- [Task brief]:
Your answer should consist only of the lines below from the one with "In this video we" through the one with "We can divide", copied exactly.

[[ Information given, beginning ]]

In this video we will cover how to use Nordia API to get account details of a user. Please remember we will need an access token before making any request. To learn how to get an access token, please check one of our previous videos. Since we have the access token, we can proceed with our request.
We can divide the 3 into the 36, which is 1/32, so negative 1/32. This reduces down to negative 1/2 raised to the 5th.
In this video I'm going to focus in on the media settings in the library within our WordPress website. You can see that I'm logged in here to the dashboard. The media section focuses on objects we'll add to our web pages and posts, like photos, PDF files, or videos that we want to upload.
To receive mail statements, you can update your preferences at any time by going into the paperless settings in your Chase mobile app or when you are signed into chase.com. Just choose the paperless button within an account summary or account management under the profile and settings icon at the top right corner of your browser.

[[ Information given, end ]]
[[ Information given, beginning ]]

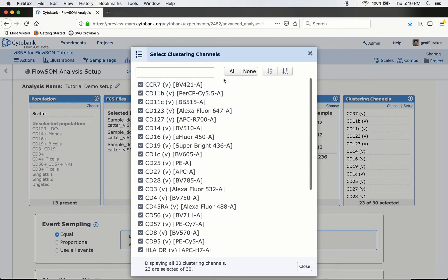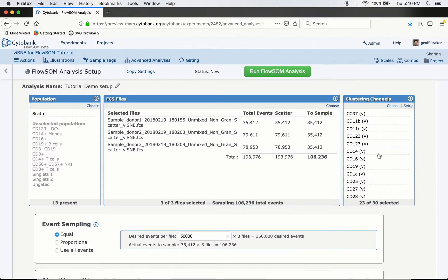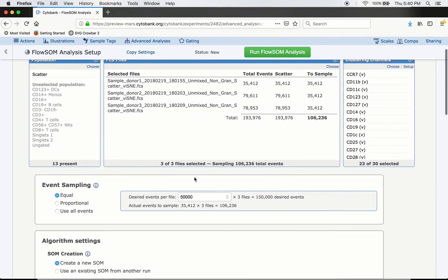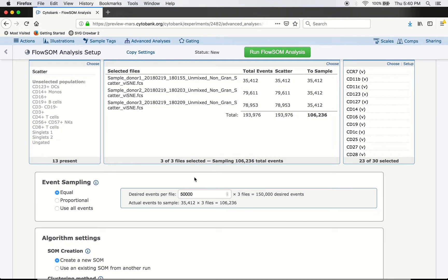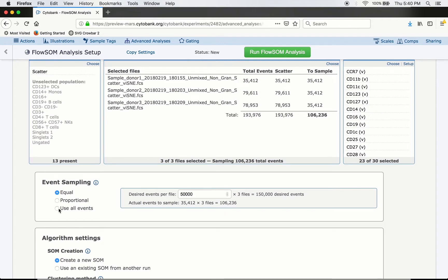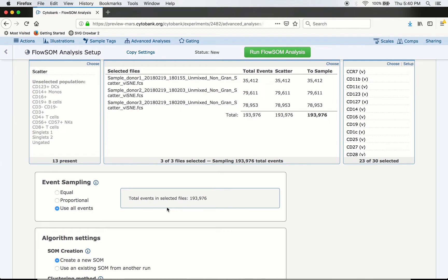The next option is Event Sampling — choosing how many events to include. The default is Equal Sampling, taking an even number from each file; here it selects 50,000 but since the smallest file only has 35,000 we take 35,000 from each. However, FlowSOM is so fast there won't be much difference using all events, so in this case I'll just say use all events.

[[ Information given, end ]]

- [Result of the exercise]:
In this video we will cover how to use Nordia API to get account details of a user. Please remember we will need an access token before making any request. To learn how to get an access token, please check one of our previous videos. Since we have the access token, we can proceed with our request.
We can divide the 3 into the 36, which is 1/32, so negative 1/32. This reduces down to negative 1/2 raised to the 5th.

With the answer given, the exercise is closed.